Sbarco alleato a Salerno nel 1943, con il generale Clark che inizia l’operazione “Avalanche”
Sbarco alleato a Salerno nel 1943, con il generale Clark che inizia l’operazione “Avalanche”

Il 9 settembre 1943 a Salerno il generale Clark dà il via all’operazione “Avalanche”

Il 9 settembre 1943, a Salerno, il generale Mark Clark dà il via all’operazione “Avalanche”, un evento cruciale nella campagna di liberazione d’Italia. L’operazione, che segna l’inizio della presenza alleata in Italia, coincide con la proclamazione dell’armistizio del Regno d’Italia e rappresenta un passo importante nella guerra mondiale. Gli Alleati, con un piano ben studiato, sbarcano nel Golfo di Salerno con un’ampia forza navale e aerea, cercando di aprire la via verso Roma e Napoli. La 1^ divisione aerotrasportata si impadronisce di Taranto senza incontrare resistenza, mentre 55.000 uomini anglo-americani sbarcano nel Golfo di Salerno. La forza navale, composta da 4 corazzate, 7 portaerei, 11 incrociatori e decine di caccia, copre l’operazione. I soldati presi terra con relativa facilità, ma improvvisamente si trovano di fronte a una reazione tedesca. La resistenza tedesca, pur debole, mette in discussione l’ottimismo iniziale del generale Clark.

La battaglia inizia con un’azione sorpresa

Nelle 48 ore seguite allo sbarco, gli Alleati riuscirono a travolgere le difese germaniche e a spingersi verso l’interno. La resistenza tedesca era debole, e il generale Clark, inizialmente ottimista, si sentiva soddisfatto del progresso. Intanto l’artiglieria tedesca taceva e la Luftwaffe sembrava essere scomparsa. Proseguendo l’avanzata, gli Alleati occuparono l’aeroporto di Montecorvino e provvidero a riattivare la pista. La battaglia sembrava ormai vinta. I tedeschi si ritiravano o si arrendevano. A tre giorni dallo sbarco gli Alleati controllavano una testa di ponte lunga 100 chilometri e profonda 10. Ma improvvisamente, la mattina dei 12 settembre, la situazione registrò un drammatico mutamento: i tedeschi scatenarono il contrattacco. La controffensiva tedesca cambia radicalmente il corso della battaglia.

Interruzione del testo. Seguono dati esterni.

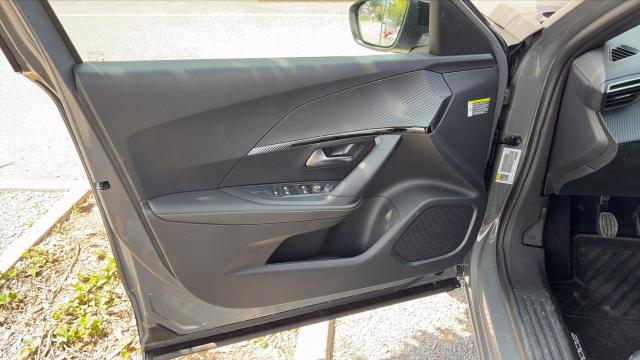 Peugeot 2008 image 3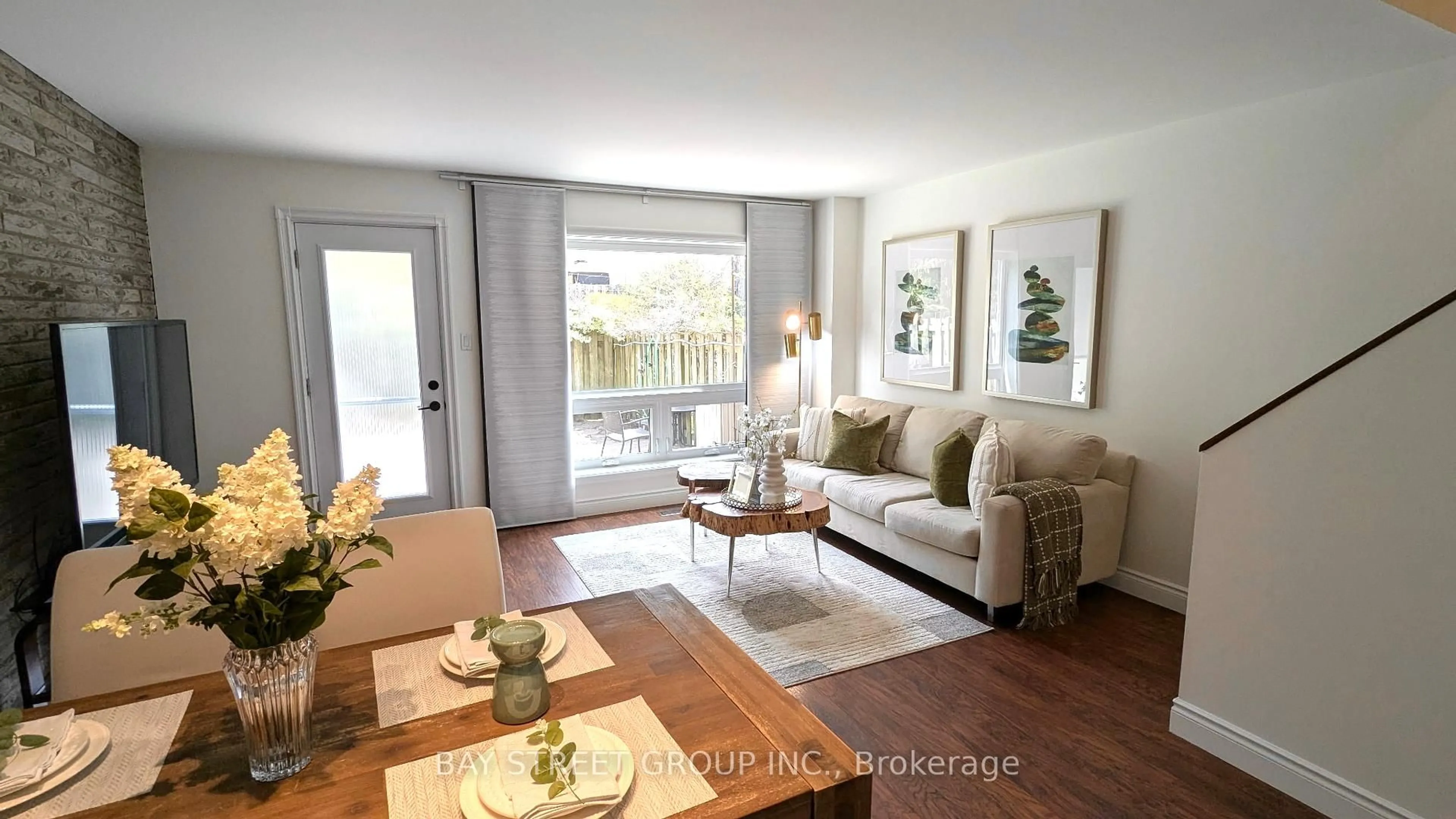 Living room with furniture, wood/laminate floor for 89 Rameau Dr #4, Toronto Ontario M2H 1T6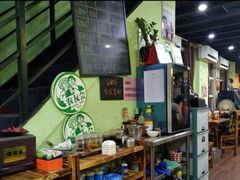 大堂-大富蚝乌东哥饭店·石锅鱼杂·柠檬鸭(革新路店)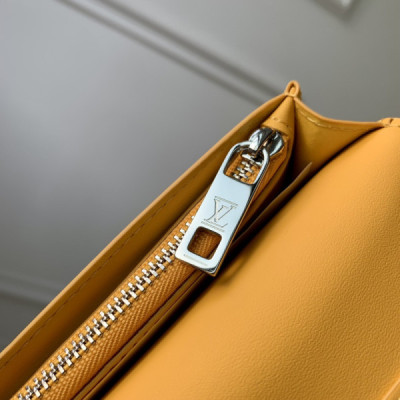 Louis Vuitton Brazza Wallet-10*19*2CM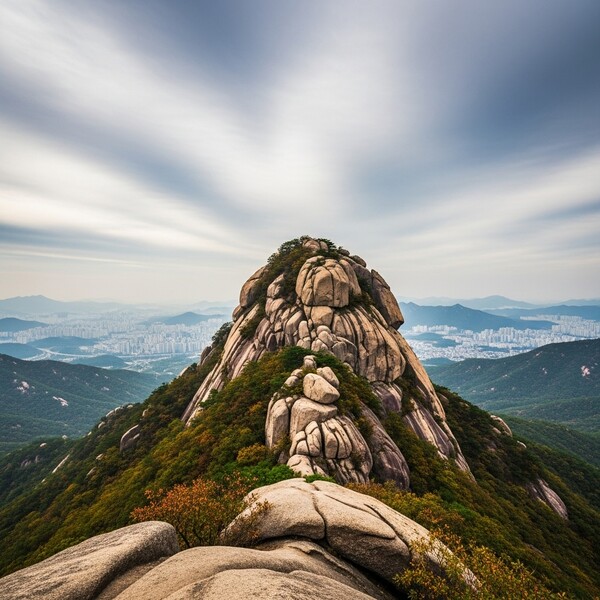 흐리고 오후 약한 비…낮 11℃로 다소 선선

La marina alleata entra in azione e cambia la situazione

Per contrastare l’avanzata tedesca, il maresciallo Alexander ordina l’impiego della squadra navale. Per la prima volta, la marina viene impegnata in una battaglia campale. Il 14 settembre, una potente squadra da battaglia lascia Malta diretta verso Salerno, composta da corazzate come Warspite, Valiant, Nelson e Rodneu. Contemporaneamente, stormi di bombardieri pesanti attaccano la costa salernitana, seminando distruzione nelle retrovie tedesche. Il bombardamento navale, estremamente preciso, distrugge postazioni e centri abitati, e costringe Kesselring a ordinare la ritirata delle truppe verso nord. Per gli anglo-americani, la via di Napoli si apre, e la battaglia sembra ormai vinta.

La battaglia di Salerno segna un punto di svolta nella campagna d’Italia. La battaglia di Salerno, pur avendo dato un successo militare agli Alleati, non raggiunse gli obiettivi strategici prefissati. L’operazione “Avalanche” fu un successo, ma la liberazione di Napoli e la rapida avanzata su Roma richiese mesi. La campagna di liberazione d’Italia, avviata con l’operazione “Avalanche”, segnò un momento decisivo nella guerra mondiale.